[Records excerpted from a collection]
- - - - - - -

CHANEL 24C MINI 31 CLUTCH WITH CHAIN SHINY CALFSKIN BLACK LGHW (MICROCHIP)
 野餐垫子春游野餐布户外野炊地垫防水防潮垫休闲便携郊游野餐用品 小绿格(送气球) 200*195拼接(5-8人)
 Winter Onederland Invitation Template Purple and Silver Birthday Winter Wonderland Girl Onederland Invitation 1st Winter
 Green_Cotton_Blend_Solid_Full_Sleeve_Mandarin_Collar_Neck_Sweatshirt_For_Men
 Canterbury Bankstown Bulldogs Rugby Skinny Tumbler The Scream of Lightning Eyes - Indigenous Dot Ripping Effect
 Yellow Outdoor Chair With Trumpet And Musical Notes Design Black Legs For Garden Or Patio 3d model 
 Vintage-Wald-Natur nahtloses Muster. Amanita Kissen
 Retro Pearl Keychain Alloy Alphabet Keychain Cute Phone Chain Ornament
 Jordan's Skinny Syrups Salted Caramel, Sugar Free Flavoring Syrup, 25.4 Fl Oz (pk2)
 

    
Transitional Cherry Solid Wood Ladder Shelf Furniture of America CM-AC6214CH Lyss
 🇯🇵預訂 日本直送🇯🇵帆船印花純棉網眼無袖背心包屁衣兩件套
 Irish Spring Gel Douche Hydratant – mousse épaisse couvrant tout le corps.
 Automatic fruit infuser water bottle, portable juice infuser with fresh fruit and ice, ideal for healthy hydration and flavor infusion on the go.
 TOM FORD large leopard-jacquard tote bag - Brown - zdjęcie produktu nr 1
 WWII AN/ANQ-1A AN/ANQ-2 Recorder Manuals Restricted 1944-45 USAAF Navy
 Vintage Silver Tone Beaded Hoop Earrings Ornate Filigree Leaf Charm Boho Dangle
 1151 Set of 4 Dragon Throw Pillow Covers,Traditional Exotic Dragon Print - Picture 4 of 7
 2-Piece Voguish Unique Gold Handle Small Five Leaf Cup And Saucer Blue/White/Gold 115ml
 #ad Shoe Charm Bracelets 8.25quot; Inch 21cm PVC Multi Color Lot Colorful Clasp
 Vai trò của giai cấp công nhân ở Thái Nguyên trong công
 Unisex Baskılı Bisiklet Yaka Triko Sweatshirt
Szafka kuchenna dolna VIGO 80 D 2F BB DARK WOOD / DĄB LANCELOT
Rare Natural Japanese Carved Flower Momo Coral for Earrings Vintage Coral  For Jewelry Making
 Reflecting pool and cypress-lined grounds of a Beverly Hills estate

- - - - - - -

## [INSTRUCTIONS FOR THE TASK]
The answer must be all the lines above that hold the word "Skinny".

## [SOLUTION FOR THIS PROBLEM]
 Canterbury Bankstown Bulldogs Rugby Skinny Tumbler The Scream of Lightning Eyes - Indigenous Dot Ripping Effect
 Jordan's Skinny Syrups Salted Caramel, Sugar Free Flavoring Syrup, 25.4 Fl Oz (pk2)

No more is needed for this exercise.